Research Guides: Reshape in R: Long/Wide format

Introduction of wide and long data

A dataset can be written in two different formats: wide and long.

A wide format has values that do not repeat in the first column.

A long format has values that do repeat in the first column.

Example of wide format:

Student	Math	Literature	PE
A	99	45	56
B	73	78	55
C	12	96	57

Example of long format:

Student	Subject	Score
A	Math	99
A	Literature	45
A	PE	56
B	Math	73
B	Literature	78
B	PE	55
C	Math	12
C	Literature	96
C	PE	57

We can see that in the wide format there is no repetitive value in the first column.

Sometimes when we download the datasets of interest from the website, they are not necessarily ready for statistical analysis. Thus, we will see how to transform between these two formats in R.

Reshape wide to long

First we load the data.

rw<-read.csv("https://dss.princeton.edu/training/widetolong.csv")

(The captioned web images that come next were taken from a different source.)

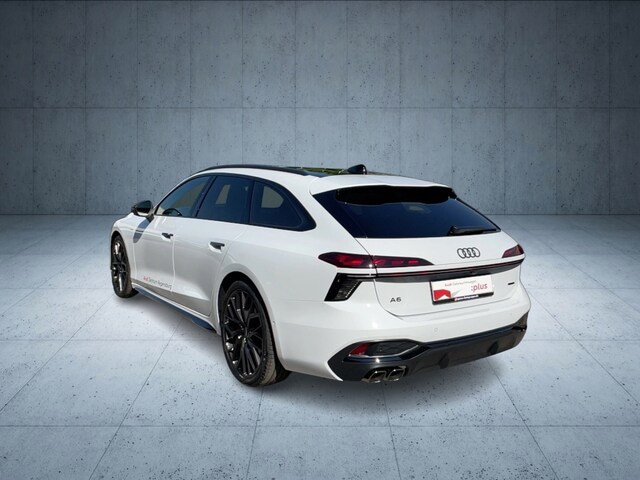 Audi A6 Avant Quattro S-Tronic
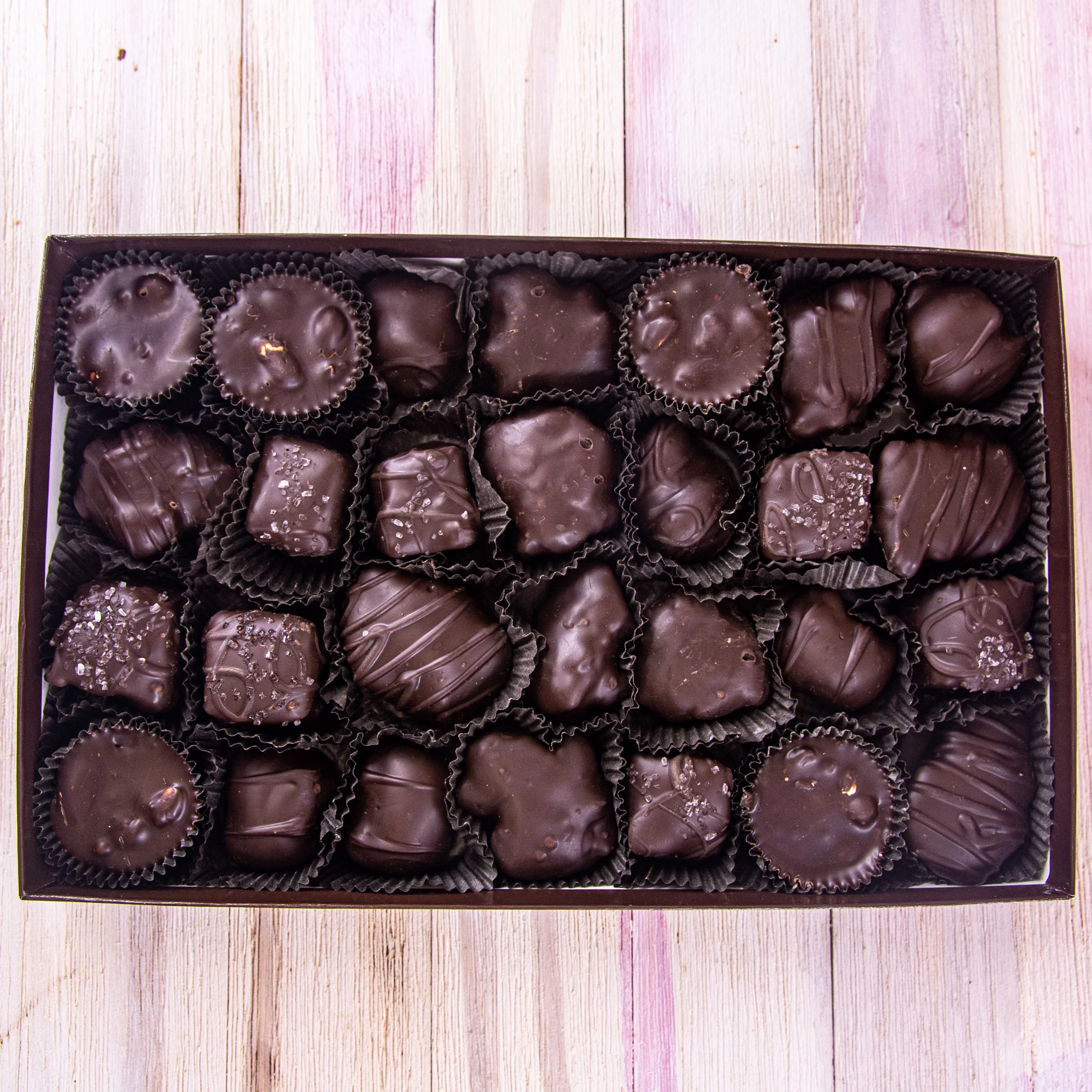 Wockenfuss Candies Nut Assortment - Dark - 1lb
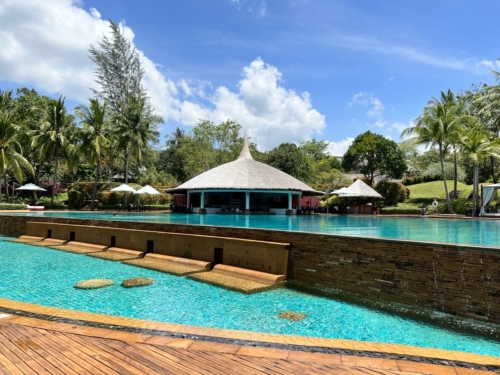 Phulay Bay Ritz Carlton Reserve shallow pool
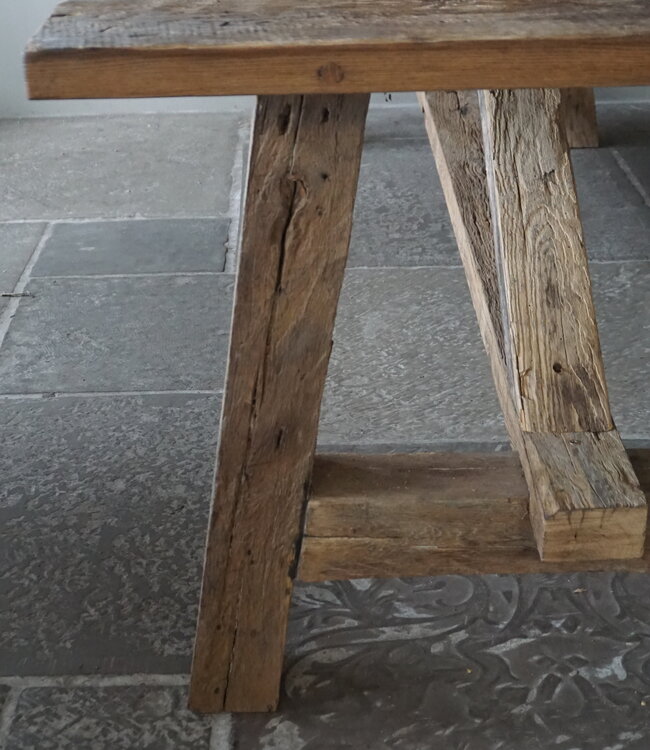 Rene Houtman Oud Eikenhouten Tafel | L270 x B99 x H79 cm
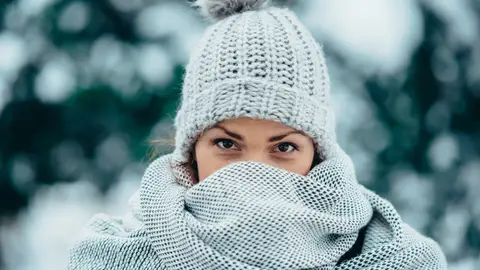Chica con gorro y bufanda Chica con gorro y bufanda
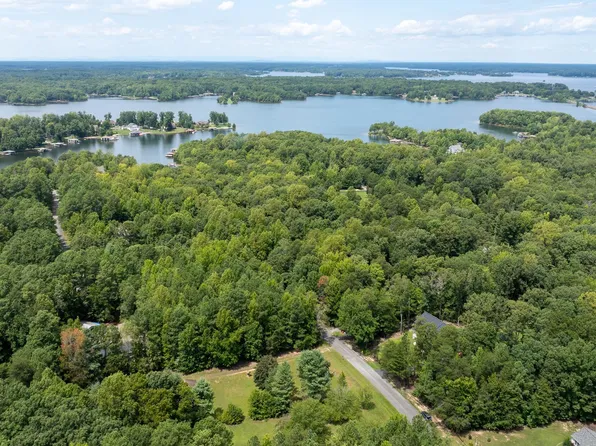 7 Hickory Ln, Bumpass, VA 23024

This data is in the wide format.

Now we reshape this dataset.

data1= reshape(data = rw,
             idvar= "Country.Name",
             varying = 2:11, #We need to specify here the columns to be reshaped
             sep= "",
             timevar= "year",
             times = c(2017,2018,2019,2020,2021),
             new.row.names= 1:10000,
             direction = "long")

Now we can see it's in the long format now.

Reshape long to wide

Now we load this dataset in the long format.

rl<-read.csv("https://dss.princeton.edu/training/longtowide.csv")

#data source: World Bank (WDI) 2007-2021

rl.wide= reshape(data = rl,
                    idvar= "year",
                    v.names= c("GDP"),
                    timevar= "country",
                    direction = "wide")

Now we can see that it has been transformed into a wide format.